SWAZI FINANCE MINISTER MUST GO

The time has come for Swaziland Finance Minister Majozi Sithole to resign.


He says the Swazi Government was caught totally off guard by the sudden drop in Southern African Customs Union (SACU) revenue that will plunge Swaziland’s economy into freefall and result in countless job losses and even more poverty in the already stricken kingdom.


Sithole says he did expect some drop in the receipts but not the amount that was announced yesterday (9 December 2009).


For the record, Swaziland will get E1.9 billion (250 million US dollars) this year compared to E6 billion received in previous years.


SACU receipts accounted for 66 percent of the national budget last year, from 71 percent in the previous year.


Sithole said he expected E3 billion this year at least. Why? As economists and political observers (and myself) have been saying for more than a year now the drop in SACU revenues will have a catastrophic impact on Swaziland. Where has Sithole been all this time and what has he been doing to help mitigate the worst effects of the crisis? The answer is ‘nothing’. He should step down and make way for someone who has the expertise to take Swaziland out of this mess.


In today’s Swazi Observer, the newspaper in effect owned by King Mswati III, sub-Saharan Africa’s last absolute monarch, Sithole says he has no clue what to do.


All right, he doesn’t say exactly that, but he does say that he has no plans to announce for a remedy and he will think about raising taxes and maybe trying to borrow money. Whoops. You won’t get much money raising taxes in Swaziland where seven in ten people live in abject poverty, earning less than one US dollar a day. And as for borrowing: who in their right mind would lend money to a bankrupt kingdom?


Sithole said that government workers in some other countries which form the SACU have taken steps to address the situation by agreeing to pay cuts. In Swaziland, of course, the opposite is the case. Only last week the International Monetary Fund (IMF) urged the Swaziland Government not to pay intended salary increases to themselves, members of parliament and civil servants.


Has Sithole done this? Of course not and there is no sign that the government, led by the illegally-appointed Prime Minister Barnabas Dlamini has any intention to do so.

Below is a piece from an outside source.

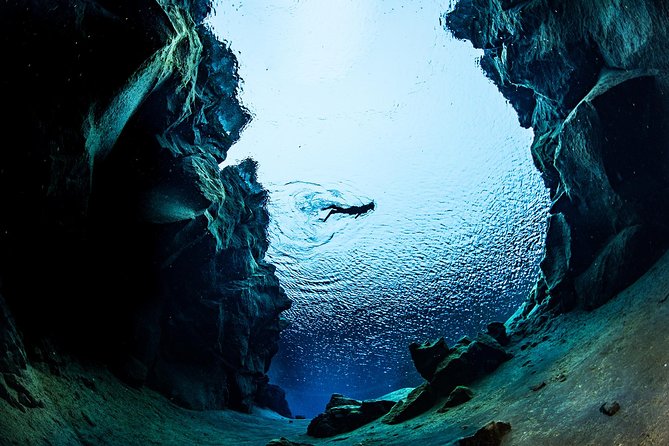 Silfra: Snorkeling Between Tectonic Plates - Meet on Location - Why Silfra is unlike ordinary snorkeling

The Swazi Observer in an editorial comment today says, ‘Right now the nation is reeling from the shock of astronomic pay perks for politicians,’ and calls for the pay rises to be scrapped. Unsurprisingly, it doesn’t call on King Mswati and his Royal Family to do their bit in belt-tightening for the kingdom (so expect him to be buying another fleet of expensive cars while more and more Swazis slide towards starvation).